WordPress 4.2.2 was released this evening in order to protect against a critical security bug in Genericons. From the release post:
The Genericons icon font package, which is used in a number of popular themes and plugins, contained an HTML file vulnerable to a cross-site scripting attack. All affected themes and plugins hosted on WordPress.org (including the Twenty Fifteen default theme) have been updated today by the WordPress security team to address this issue by removing this nonessential file. To help protect other Genericons usage, WordPress 4.2.2 proactively scans the wp-content directory for this HTML file and removes it.
The update goes and removes the example.html file from Twenty Fifteen and elsewhere in wp-content (including other themes and plugins). The file is not needed but did include code that was susceptible to attack.
The vulnerability was known for over a week, and disclosure was supposed to be a coordinated effort, but I understand that the core team was caught off guard by Sucuri’s disclosure this morning.
Many hosts were prepared for the disclosure and already created a layer of protection for their customers, however I noticed no EIG hosts were on the list (Bluehost, Hostgator, etc) so a lot of sites are definitely vulnerable without the update.
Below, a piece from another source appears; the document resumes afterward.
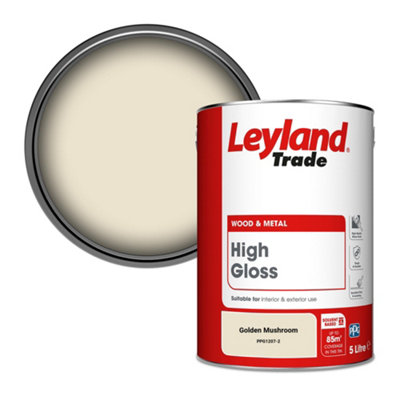 Leyland Trade Wood & Metal High Gloss Paint Golden Mushroom (PPG1207-2) 5L
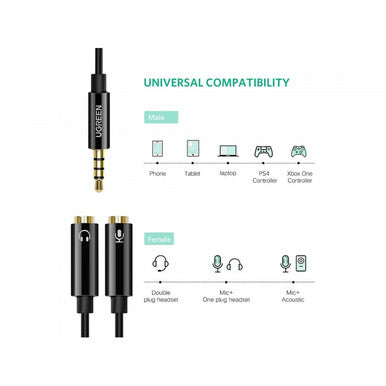 UGREEN Audio Cable Splitter 3.5mm male To 2 female 3.5mm Braid / Connects Audio + Mic at the Same Time | 30620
It’s easy to have update fatigue (you can believe the core team does too), but these updates are important and it’s why part of owning a WordPress website is to be on top of them; the software is too popular to ignore updates.
4.2.2 also includes a “comprehensive fix” for the issue comment length issue that caused a quick release of 4.1.1.
In addition to 4.2 being updated, every major version back to 3.7 was updated to new point releases (likely do to comment fixes, not for Genericons).